------ PROVIDED DATA
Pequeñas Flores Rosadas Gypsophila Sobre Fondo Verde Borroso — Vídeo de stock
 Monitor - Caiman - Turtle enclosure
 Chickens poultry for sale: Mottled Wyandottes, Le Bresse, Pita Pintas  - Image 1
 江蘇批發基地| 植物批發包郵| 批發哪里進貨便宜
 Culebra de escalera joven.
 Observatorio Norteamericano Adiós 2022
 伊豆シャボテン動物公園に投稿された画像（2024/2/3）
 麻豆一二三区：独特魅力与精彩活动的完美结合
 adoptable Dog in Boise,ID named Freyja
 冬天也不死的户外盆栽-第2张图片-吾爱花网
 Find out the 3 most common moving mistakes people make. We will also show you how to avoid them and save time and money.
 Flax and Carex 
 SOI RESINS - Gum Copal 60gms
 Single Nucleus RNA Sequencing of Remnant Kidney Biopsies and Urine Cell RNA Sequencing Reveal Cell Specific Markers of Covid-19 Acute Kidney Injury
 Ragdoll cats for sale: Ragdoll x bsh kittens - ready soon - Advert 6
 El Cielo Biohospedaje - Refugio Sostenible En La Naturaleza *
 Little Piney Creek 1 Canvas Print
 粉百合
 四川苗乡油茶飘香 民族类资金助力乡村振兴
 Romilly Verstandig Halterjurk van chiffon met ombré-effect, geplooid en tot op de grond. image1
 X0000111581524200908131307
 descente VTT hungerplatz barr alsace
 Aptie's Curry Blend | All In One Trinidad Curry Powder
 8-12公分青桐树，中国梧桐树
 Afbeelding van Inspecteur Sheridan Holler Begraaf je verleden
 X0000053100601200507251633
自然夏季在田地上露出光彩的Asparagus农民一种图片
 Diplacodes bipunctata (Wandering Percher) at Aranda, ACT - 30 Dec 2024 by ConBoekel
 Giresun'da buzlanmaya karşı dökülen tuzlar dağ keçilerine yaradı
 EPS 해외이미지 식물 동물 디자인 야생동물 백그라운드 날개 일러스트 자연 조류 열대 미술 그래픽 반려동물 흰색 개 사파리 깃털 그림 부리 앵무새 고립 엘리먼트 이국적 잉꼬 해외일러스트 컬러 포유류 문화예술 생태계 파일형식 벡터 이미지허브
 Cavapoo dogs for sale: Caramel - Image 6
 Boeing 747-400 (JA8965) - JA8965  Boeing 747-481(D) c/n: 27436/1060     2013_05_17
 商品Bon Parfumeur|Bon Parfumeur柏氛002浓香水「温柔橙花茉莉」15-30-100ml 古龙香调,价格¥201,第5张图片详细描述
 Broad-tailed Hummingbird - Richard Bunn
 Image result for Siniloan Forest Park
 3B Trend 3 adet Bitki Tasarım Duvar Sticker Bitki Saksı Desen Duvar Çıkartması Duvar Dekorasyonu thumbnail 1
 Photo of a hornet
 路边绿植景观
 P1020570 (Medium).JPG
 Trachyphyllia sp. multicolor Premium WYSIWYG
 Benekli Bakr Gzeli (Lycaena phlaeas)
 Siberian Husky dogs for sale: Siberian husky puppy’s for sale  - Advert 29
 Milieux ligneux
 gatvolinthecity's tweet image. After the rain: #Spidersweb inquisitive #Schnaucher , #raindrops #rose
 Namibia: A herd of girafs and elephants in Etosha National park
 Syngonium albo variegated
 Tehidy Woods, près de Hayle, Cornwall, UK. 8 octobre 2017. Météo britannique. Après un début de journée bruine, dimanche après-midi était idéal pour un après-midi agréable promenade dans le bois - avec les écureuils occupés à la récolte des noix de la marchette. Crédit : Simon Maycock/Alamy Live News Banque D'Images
------------
** THE TASK **
The expected answer is an exact copy of the lines above, beginning at the line with "8-12公分青桐树，中国梧桐树" and ending at the line with "Boeing 747-400 (JA8965)", with both ends in.

** SOLVED EXERCISE **
 8-12公分青桐树，中国梧桐树
 Afbeelding van Inspecteur Sheridan Holler Begraaf je verleden
 X0000053100601200507251633
自然夏季在田地上露出光彩的Asparagus农民一种图片
 Diplacodes bipunctata (Wandering Percher) at Aranda, ACT - 30 Dec 2024 by ConBoekel
 Giresun'da buzlanmaya karşı dökülen tuzlar dağ keçilerine yaradı
 EPS 해외이미지 식물 동물 디자인 야생동물 백그라운드 날개 일러스트 자연 조류 열대 미술 그래픽 반려동물 흰색 개 사파리 깃털 그림 부리 앵무새 고립 엘리먼트 이국적 잉꼬 해외일러스트 컬러 포유류 문화예술 생태계 파일형식 벡터 이미지허브
 Cavapoo dogs for sale: Caramel - Image 6
 Boeing 747-400 (JA8965) - JA8965  Boeing 747-481(D) c/n: 27436/1060     2013_05_17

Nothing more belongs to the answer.